What are your career goals?
This question is used to determine if you are a focused individual with set goals in mind to work towards, or if you just jump when you see a new opportunity. A good way to answer this question is to start by describing your career path up to this point, and how you came to make the decisions that led from one step to the next. Try to show, if possible, that you can stay on track and focused to reach goals that you set yourself, while also demonstrating that you thought decisions through before making them.

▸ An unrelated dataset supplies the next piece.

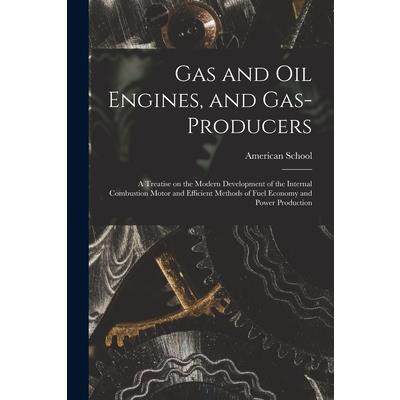 Gas and oil Engines, and Gas-producers; a Treatise on the Modern Development of the Internal Combustion Motor and Efficient Methods of Fuel Economy and Power Production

Tips on Concluding the Interview
After the interviewer has finished their questions, they will most likely ask if you have any questions for them. You should have a few prepared, but be sure they are not obvious questions that you could easily find out by visiting the company website. Your questions should reflect your knowledge of the company and also reflect the job that you are interested in, such as management style or opportunities for advancement, and also when the position will need to be filled. Another good question to ask is what the interviewer himself or herself likes about working for the company and in the workplace.
Keep in mind that there are a few questions you should not ask after a first interview. Questions about drug testing, background checks, and if they are going to contact previous employers are all indications that you might be hiding something, so refrain from asking these. If the company requires a drug or background test, they will tell you without you having to ask them first. If you don’t want them calling a particular employer, don’t include the contact information on your resume or application.

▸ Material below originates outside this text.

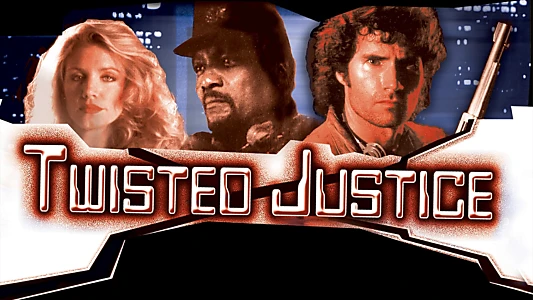 Twisted Justice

You should also refrain from asking about time off, benefits, and the work schedule. If you receive a job offer, you can ask about these items at that time, and more than likely, they will tell you these details when they offer you the job. Asking about them during the interview can be a detriment to your chances as a potential employee, as it will make them think that your top priority is to get paid or receive benefits, rather than focus on the job you are hired to do.
End the interview strongly. Reiterate your interest in the position and your qualifications. Shake the person’s hand, and let them know that you are looking forward to hearing back from them. You can also make a note of who to contact later on, so that if you call back regarding your interview, you will look more professional when you know the proper person to contact regarding it.
If you don’t hear back from the company right away, wait a few days or even weeks before checking back in with them. This will allow them the time they need to conduct other interviews, as well as get hiring documents organized and ready. Either call the person who interviewed you or check back in person about the status. Doing so will help them recall your specific interview and also remind them of your eagerness for the job.